(WHAT IS REQUIRED) Restate word for word the lines from the one bearing "ログインボーナス報酬「★5エリザベス」" through the end of the entries below, and leave every picture out.

(GIVEN RECORDS)

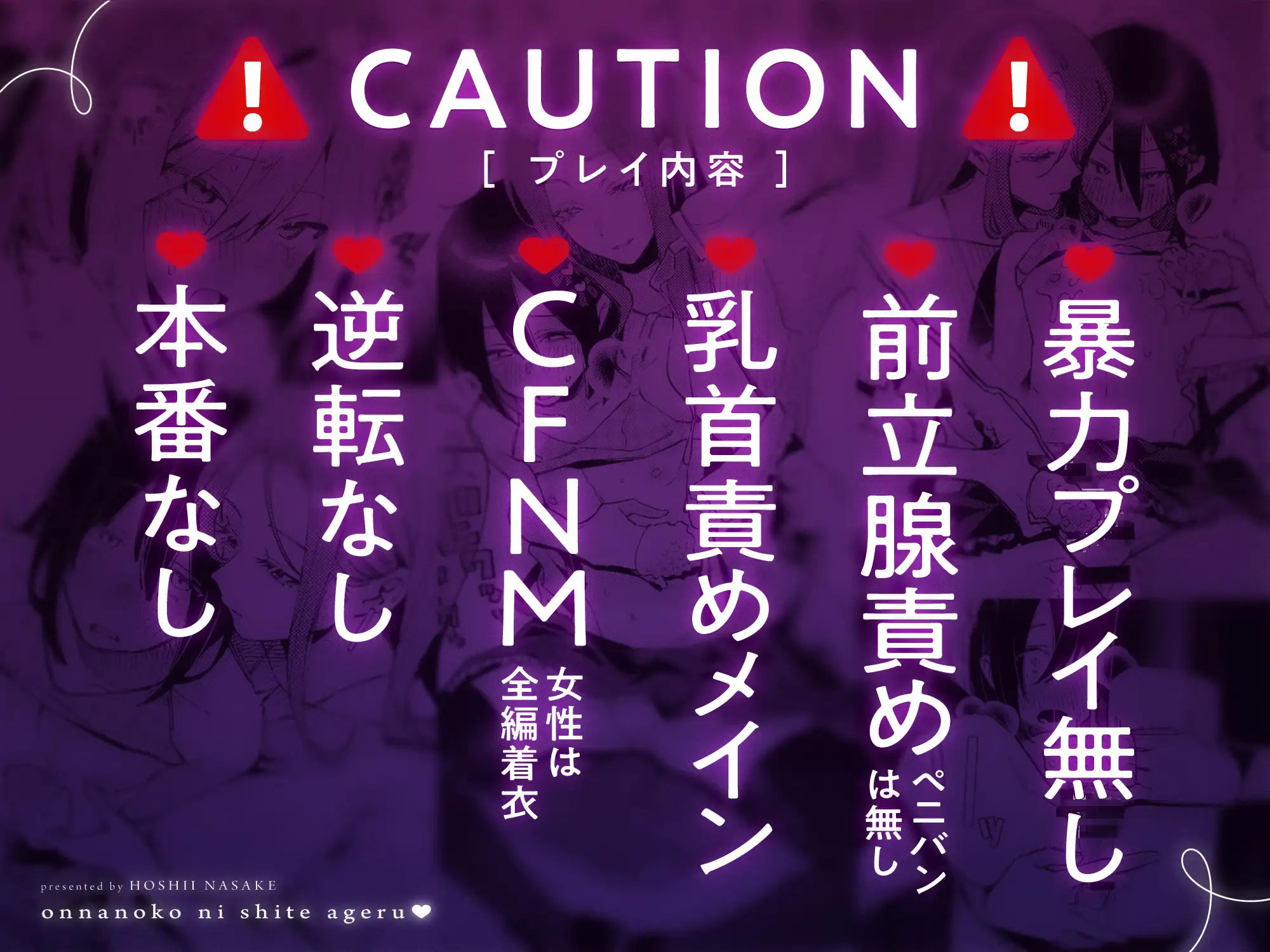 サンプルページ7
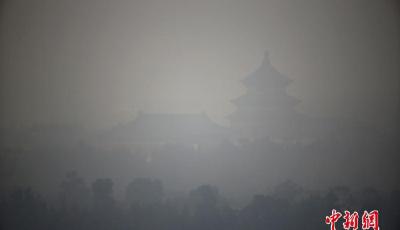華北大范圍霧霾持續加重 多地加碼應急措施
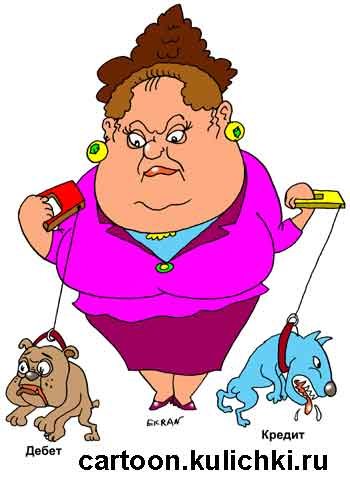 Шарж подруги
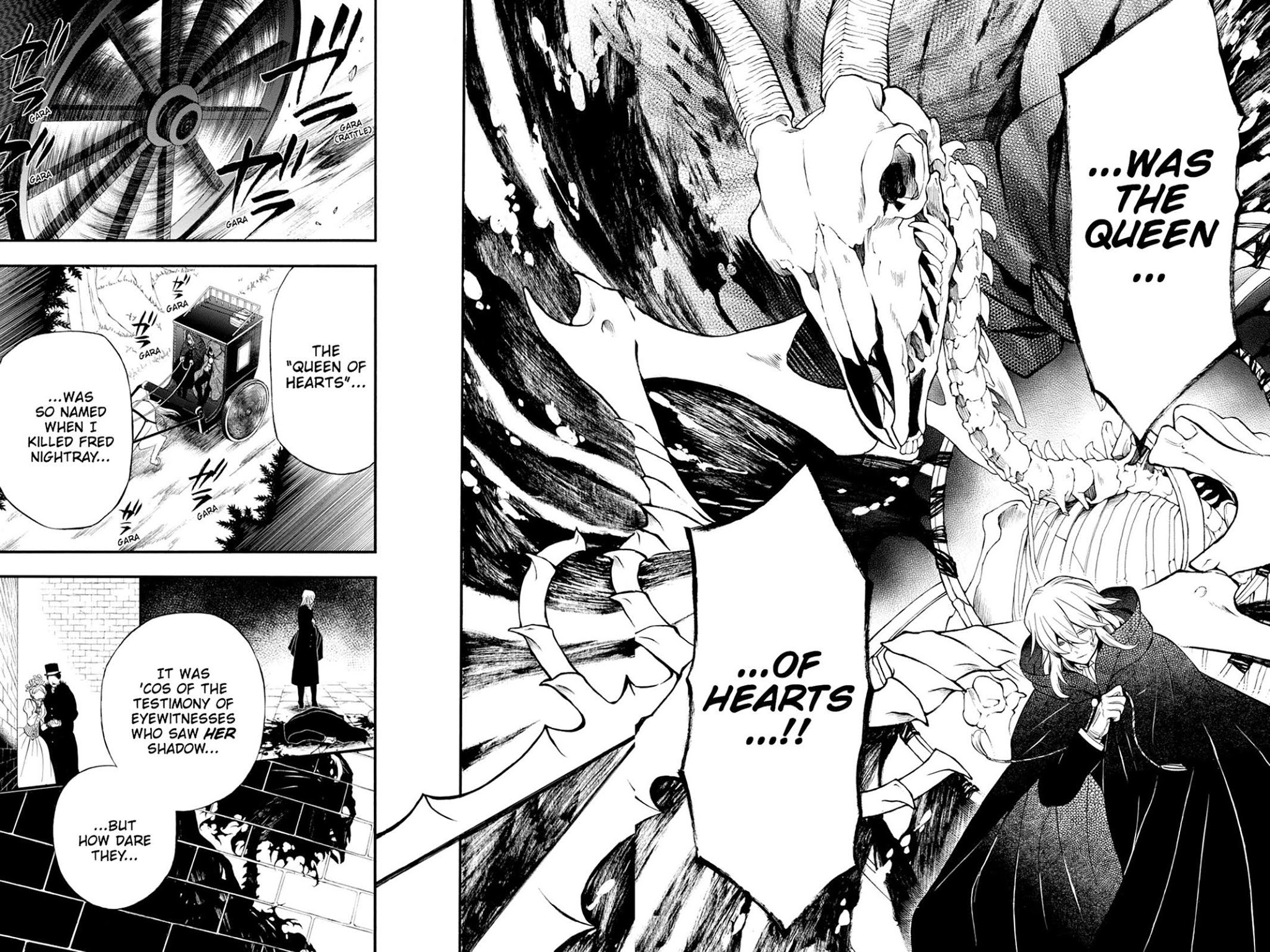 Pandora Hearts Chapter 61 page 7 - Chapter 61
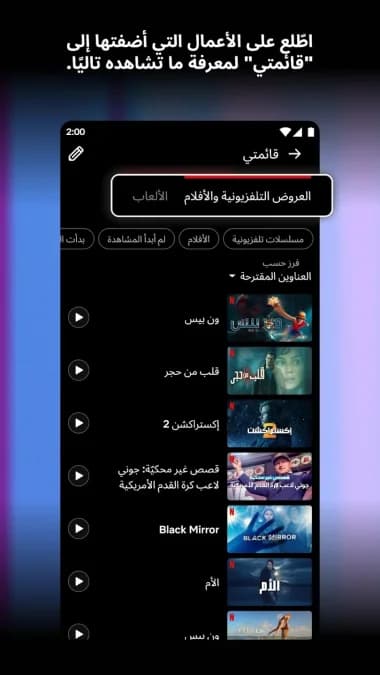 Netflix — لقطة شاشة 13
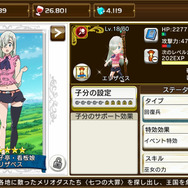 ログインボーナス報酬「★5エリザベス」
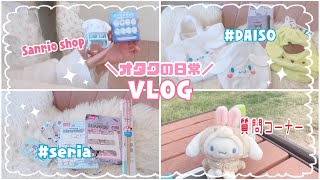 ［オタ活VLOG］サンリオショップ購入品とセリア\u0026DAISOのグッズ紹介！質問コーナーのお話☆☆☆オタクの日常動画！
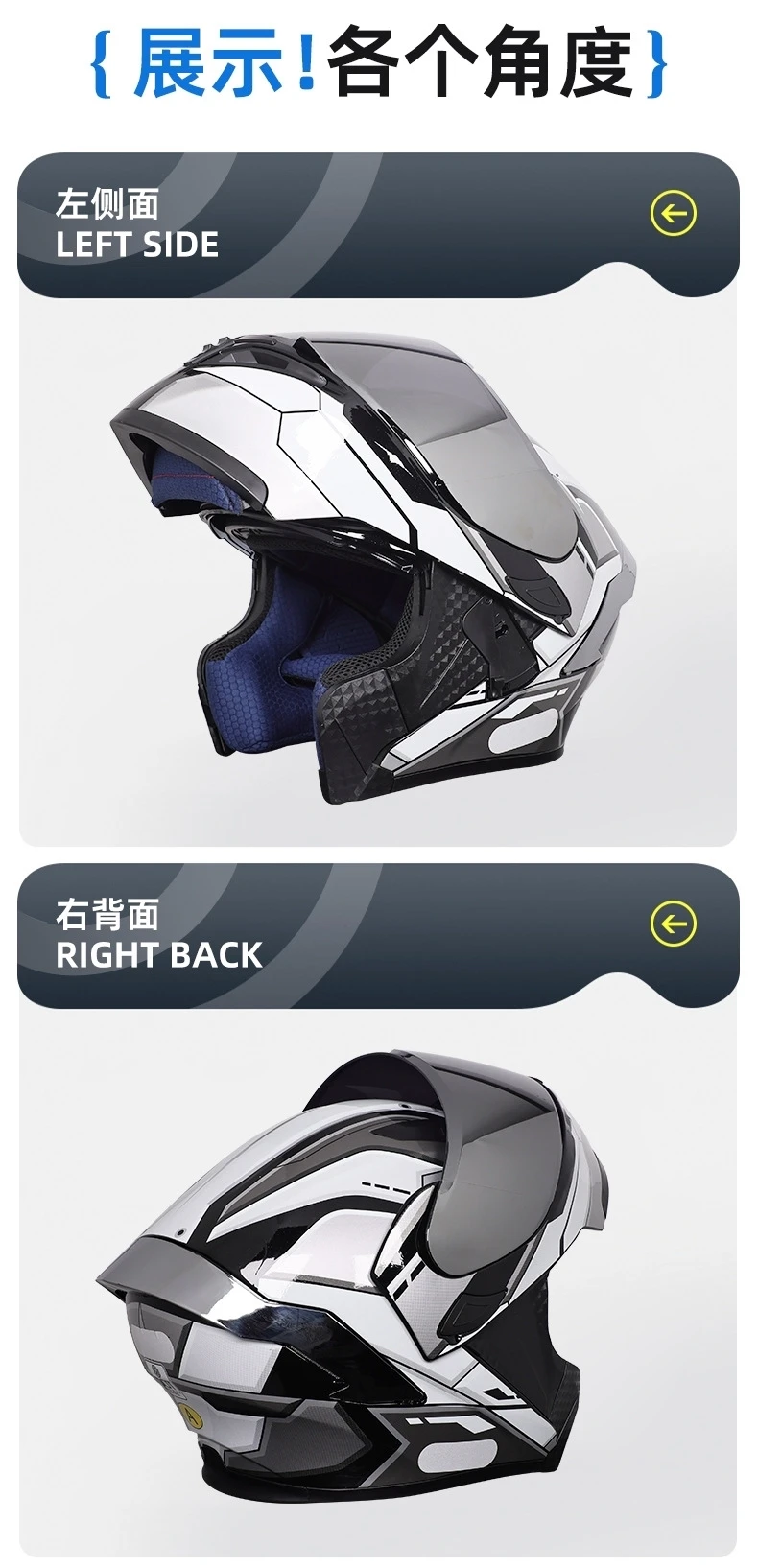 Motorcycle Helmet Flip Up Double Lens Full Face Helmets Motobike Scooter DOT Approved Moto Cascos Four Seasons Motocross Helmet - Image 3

(End GIVEN RECORDS)

(EXERCISE OUTPUT)
 ログインボーナス報酬「★5エリザベス」
 ［オタ活VLOG］サンリオショップ購入品とセリア\u0026DAISOのグッズ紹介！質問コーナーのお話☆☆☆オタクの日常動画！
 Motorcycle Helmet Flip Up Double Lens Full Face Helmets Motobike Scooter DOT Approved Moto Cascos Four Seasons Motocross Helmet - Image 3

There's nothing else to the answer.